High-Frequency Analysis of Effective Interactions and Bandwidth for Transient States after Monocycle Pulse Excitation of Extended Hubbard Model

Using a high-frequency expansion in periodically driven extended Hubbard models, where the strengths and ranges of density-density interactions are arbitrary, we obtain the effective interactions and bandwidth, which depend sensitively on the polarization of the driving field. Then, we numerically calculate modulations of correlation functions in a quarter-filled extended Hubbard model with nearest-neighbor interactions on a triangular lattice with trimers after monocycle pulse excitation. We discuss how the resultant modulations are compatible with the effective interactions and bandwidth derived above on the basis of their dependence on the polarization of photoexcitation, which is easily accessible by experiments.
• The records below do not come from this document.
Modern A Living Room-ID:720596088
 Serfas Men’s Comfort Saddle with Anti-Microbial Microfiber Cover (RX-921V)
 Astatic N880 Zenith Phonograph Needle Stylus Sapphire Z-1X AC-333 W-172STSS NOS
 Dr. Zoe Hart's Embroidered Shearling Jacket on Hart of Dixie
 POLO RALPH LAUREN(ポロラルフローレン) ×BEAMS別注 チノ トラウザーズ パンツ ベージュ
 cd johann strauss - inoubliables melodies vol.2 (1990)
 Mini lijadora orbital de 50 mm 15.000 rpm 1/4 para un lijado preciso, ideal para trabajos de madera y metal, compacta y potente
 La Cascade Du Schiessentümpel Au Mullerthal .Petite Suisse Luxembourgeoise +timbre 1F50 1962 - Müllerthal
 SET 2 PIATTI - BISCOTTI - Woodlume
Some correlation functions after monocycle pulse excitation are consistent with the effective interactions, which are weaker or stronger than the original ones. However, the photoinduced enhancement of anisotropic charge correlations previously discussed for the three-quarter-filled organic conductor $alpha$-(bis[ethylenedithio]-tetrathiafulvalene)$_2$I$_3$ [$alpha$-(BEDT-TTF)$_2$I$_3$] in the metallic phase is not fully explained by the effective interactions or bandwidth, which are derived independently of the filling.